Dix solos de violon racontent dix ans de passion amoureuse

Molly MacKinnon, joue le role de Sophie Carmen Eckhardt-Gramatté dans Never the Last. | Photo par Matt Reznek

Never the Last, la plus récente production de la compagnie de production Delinquent Theatre, retrace la vie d’un couple de virtuoses artistiques révélée par dix solos de violon écrits par l’un d’eux et jusqu’alors peu connus. La musique s’avère être un véritable personnage en tant que tel.

Entretien avec les co-fondatrices de la compagnie, et genèse de la pièce.

Une passion

Cette histoire vraie suit la relation passionnée entre Sophie Carmen Eckhardt-Gramatté, connue pour être l’une des violonistes et compositrices les plus inventives du début du 20e siècle en Europe, et le peintre expressionniste Walter Gramatté. Les dix années ont vu l’union du couple marquée par l’aventure, avec de nombreux voyages en Europe, la pauvreté liée à cette itinérance et le métier d’artiste à cette époque, ou encore les dissensions artistiques entre eux. Le tout, couché sur feuilles de musiques par Sophie Carmen Eckhardt-Gramatté, en dix solos de violon peu connus de son oeuvre.

Loin de l’histoire d’amour tumultueuse classique, Never the Last nuance avec succès la démarcation entre l’émotion engendrée par cette histoire à laquelle tout un chacun peut se rattacher et celle conférée par la puissance d’un solo de violon qui vaut tout mot non-dit. La pièce est menée sur un tempo dramatique qui exalte tous les émois du couple. Les deux acteurs qui les jouent évoluent sous l’archet d’une violoniste, placée au centre d’une scène denudée de tout apparat, d’où elle ne bouge pas ou peu. Avec seulement trois acteurs livrant l’histoire, la mise en scène est un concentré émotionnel qui amplifie la charge de cette histoire, encore une fois magnifiée par cet instrument. Un choix artistique qui offre une ligne mélodique captivante et bouleversante.

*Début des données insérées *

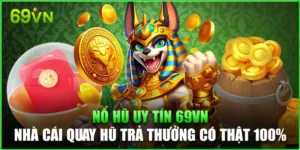 Nổ Hũ Uy Tín 69VN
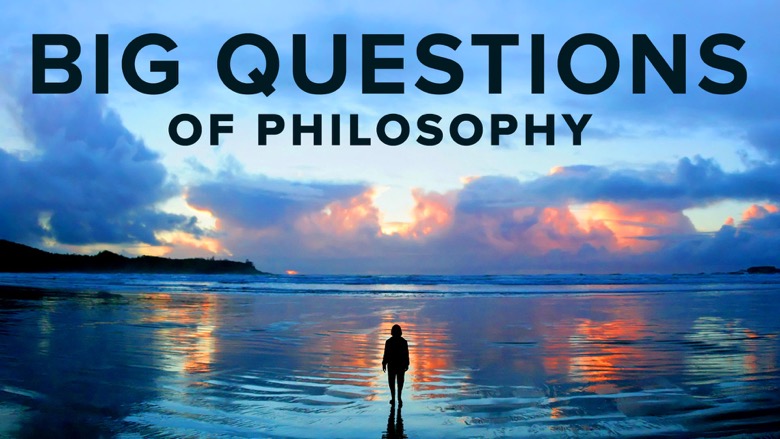 TTC - The Big Questions of Philosophy
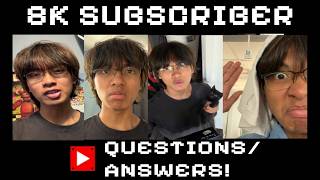 8000 SUBSCRIBER QUESTIONS AND ANSWERS!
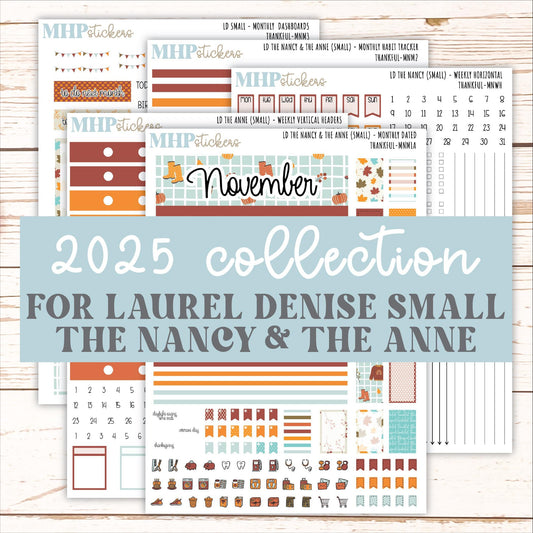 NOVEMBER 2025 Stickers for Small Horizontal & Vertical Laurel Denise Planners. (Formerly Mini Planner) "Thankful" || MN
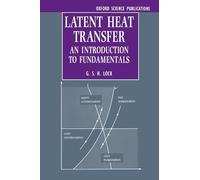 Latent Heat Transfer: An Introduction to Fundamentals: 43 (Oxford Engineering Science Series)
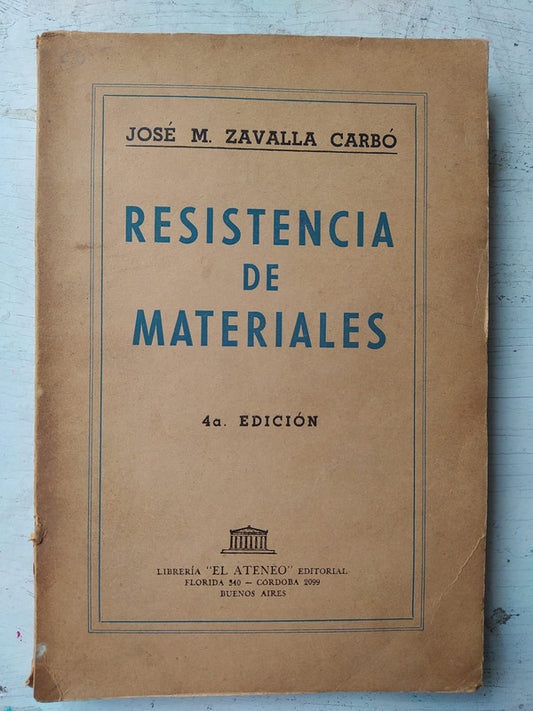 Libro usado en venta: Resistencia de materiales de Jose M. Zavalla Carbo; editorial El Ateneo impreso en 1957 realizamos envios a todo el mundo.1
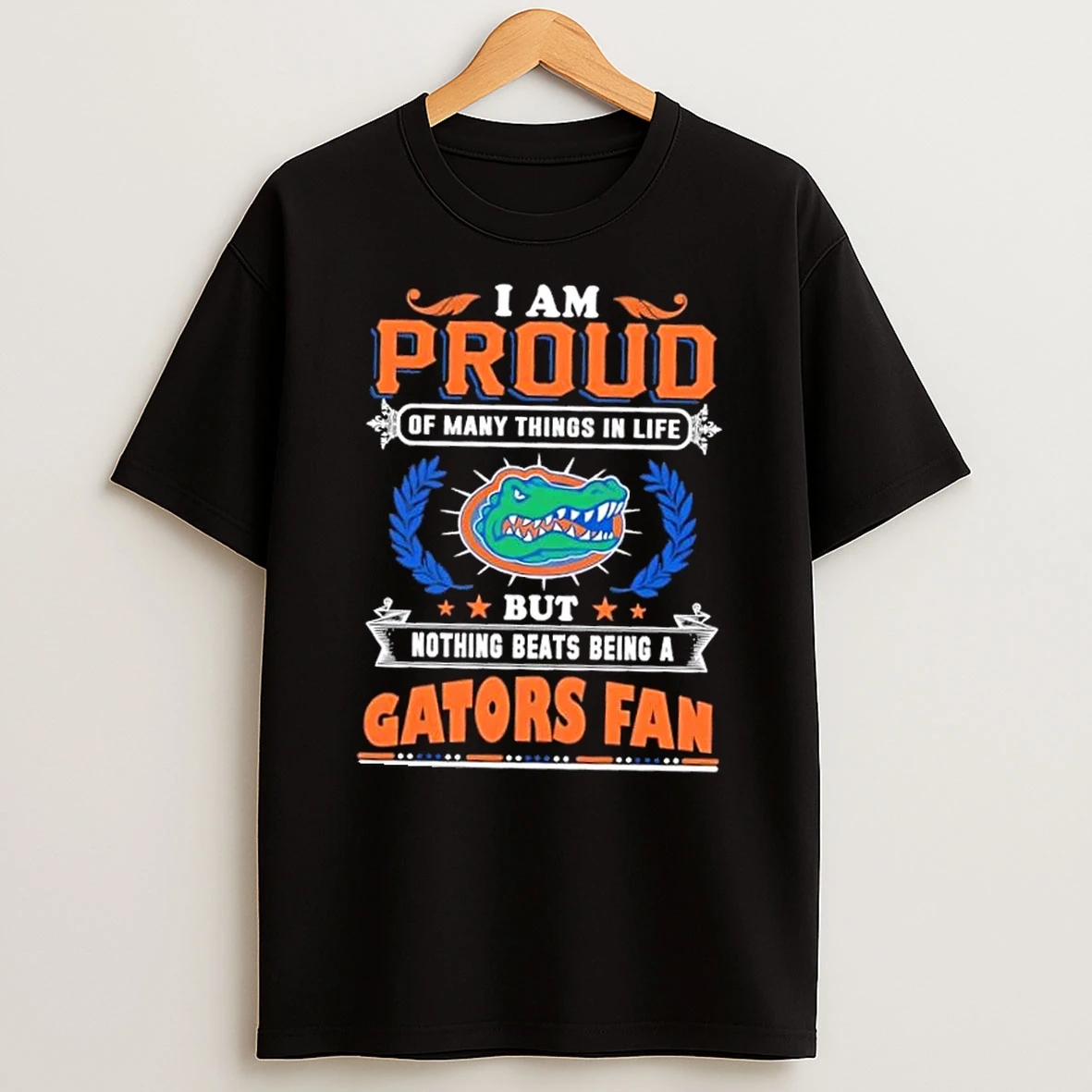I Am Proud Of Many Things In Life But Nothing Beats Being A Florida Gators Fan T Shirt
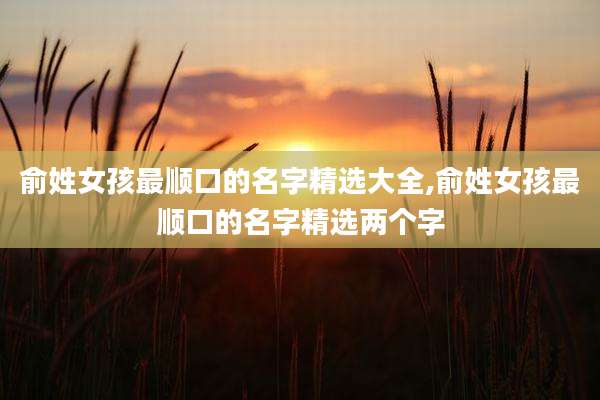 俞姓女孩最顺口的名字精选大全,俞姓女孩最顺口的名字精选两个字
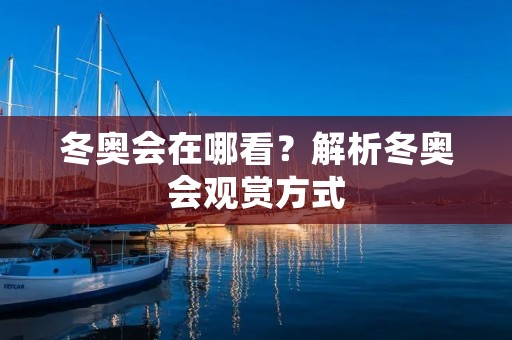 冬奥会在哪看？解析冬奥会观赏方式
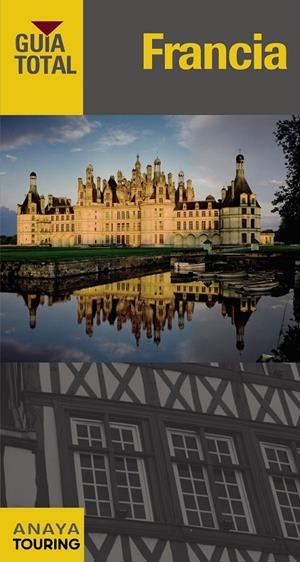 Francia - Guia Total | 9788499357034 | Touring Editore / Grupo Anaya | Librería Castillón - Comprar libros online Aragón, Barbastro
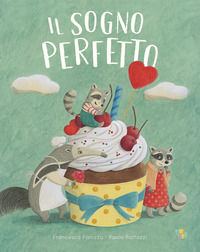 9788855383301 - Il sogno perfetto. Ediz. a colori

Une histoire contemporaine à bien des égards

L’ambition de Delinquent Theatre est d’offrir des créations en propre basées exclusivement sur « des histoires de survie, de génie humain et d’actes subversifs face à l’adversité ». Bien que subjectifs en tant que concepts, c’est la mission que se donne la production, co-fondée par Christine Quintana et Laura McLean. D’abord actrices depuis leurs huit ans, toutes deux se réjouissent de cette occasion d’être maintenant en capacité d’écrire et de raconter des histoires par ce biais.

« En tant que compagnie théâtrale par et pour les femmes, nous nous faisons le devoir de partager les histoires d’artistes qui ont innové et ce faisant, ouvert la voie pour toutes celles qui ont suivi » explique sans pathos Mme Quintana, également auteure de certaines des pièces. Le point d’orgue étant celles « dont l’art a été oublié ou enterré du fait de discrimination liée au sexe ou à la classe sociale » ajoute-t-elle. « Nous sommes honorées de porter au public des récits qui vont à l’encontre des limitations sociétales imposées aux femmes, d’autant plus celles dans les postes à responsabilité, et qui rejettent le statu quo ».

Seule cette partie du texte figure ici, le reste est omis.